Bekasiraya.id, Jakarta – Direktorat Tindak Pidana Umum (Dirtipidum) Bareskrim Polri berhasil mengungkap jaringan internasional penadah kendaraan bermotor. Jaringan tersebut beroperasi sejak 2021 dan telah mengirimkan sedikitnya 20.000 unit motor ke luar negeri.
Dirtipidum Bareskrim Polri, Brigjen Djuhandhani Rahardjo Puro mengatakan pengungkapan kasus bermula dari laporan masyarakat yang curiga dengan keberadaan tempat penampungan ratusan motor tanpa dokumen sah yang kemudian diekspor ke berbagai negara.
“Dalam pengungkapan ini, kami berhasil mengamankan 675 unit kendaraan bermotor dan dokumen pendukung transaksi pengiriman sebanyak 20.000 unit sepeda motor dari Februari 2021 hingga 2024,” katanya kepada awak media, Kamis 25 Juli 2024.
Ada tujuh tersangka yang diamankan polisi dalam kasus ini, dengan masing-masing memiliki peran berbeda. Tersangka MT dan ATH berperan sebagai debitur, WRJ dan HS sebagai penadah, FI sebagai perantara atau pencari penadah, HM sebagai perantara dan debitur, serta WS sebagai eksportir.
“Penipuan dan penggelapan ini ditemukan di enam TKP di Provinsi Jakarta, Jawa Barat, dan Jawa Tengah. Kemudian kendaraan tersebut diekspor ke lima negara, yaitu Vietnam, Rusia, Hongkong, Thailand, dan Nigeria,” ungkap Djuhandhani.
Untuk mengantisipasi penyalahgunaan data kendaraan bermotor ilegal, pihak kepolisian bakal bekerja sama dengan Asosiasi Perusahaan Pembiayaan Indonesia (APPI) dan Otoritas Jasa Keuangan (OJK).

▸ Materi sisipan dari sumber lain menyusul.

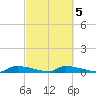 Onion Key tide chart for Thursday, March 5, 2026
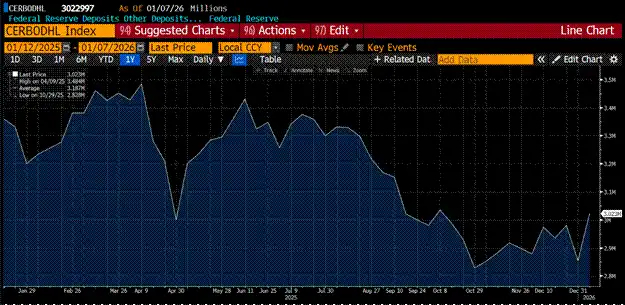 图表：美国银行业贷款增长（ODL）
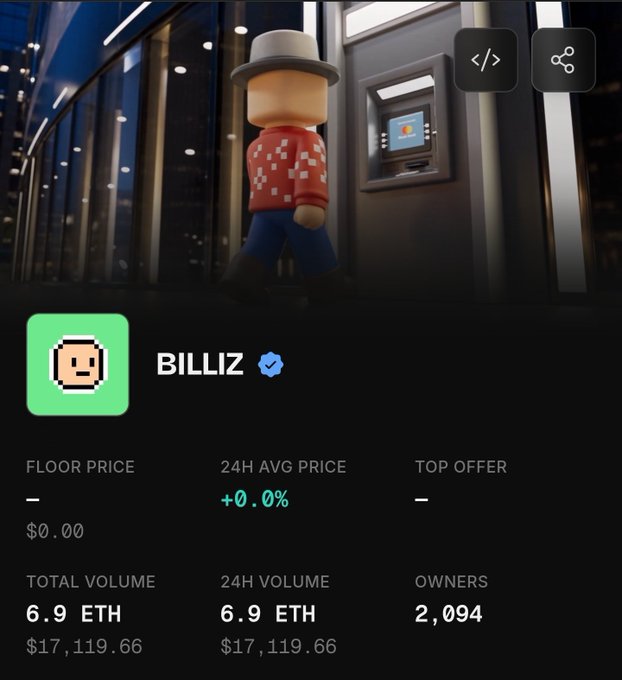 A Billiz NFT profile page displays a 3D character in a red checkered sweater and grey hat standing before an ATM, showing a floor price of $0.00, 24H average price of +0.0%, total volume of 6.9 ETH ($17,119.66), and 2,094 owners. The image aligns with the post's message about the Billiz collection remaining active on HoodMarket despite challenges on OpenSea, highlighting key trading metrics for the project.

“Kami sudah menyusun kerja sama dengan APPI dan OJK untuk mengantisipasi hal-hal seperti ini. Kami akan membantu dengan database identifikasi sehingga semuanya bisa masuk registrasi kami,,” papar Direktur Registrasi dan Identifikasi Korlantas Polri, Brigjen Pol Yusri Yunus.
Menurutnya, kendaraan yang terlibat dalam penipuan ini awalnya dicuri atau dibeli dengan menggunakan dokumen palsu. Selanjutnya, kendaraan-kendaraan ini dikumpulkan di beberapa lokasi penampungan di Jakarta, Jawa Barat, dan Jawa Tengah, untuk kemudian diekspor ke negara-negara tujuan.
Atas perbuatannya, para tersangka dijerat dengan Pasal 35 atau Pasal 36 Undang-Undang Nomor 42 Tahun 1999 tentang Jaminan Fidusia dan/atau Pasal 378, 372 KUHP, atau Pasal 480 KUHP, dan/atau Pasal 481 KUHP.
“Ancaman hukuman bagi para pelaku adalah pidana penjara maksimal tujuh tahun,” tandas Yunus.
Ke depannya, pihak kepolisian juga meminta masyarakat untuk lebih waspada dan segera melapor apabila menemukan indikasi kejahatan serupa.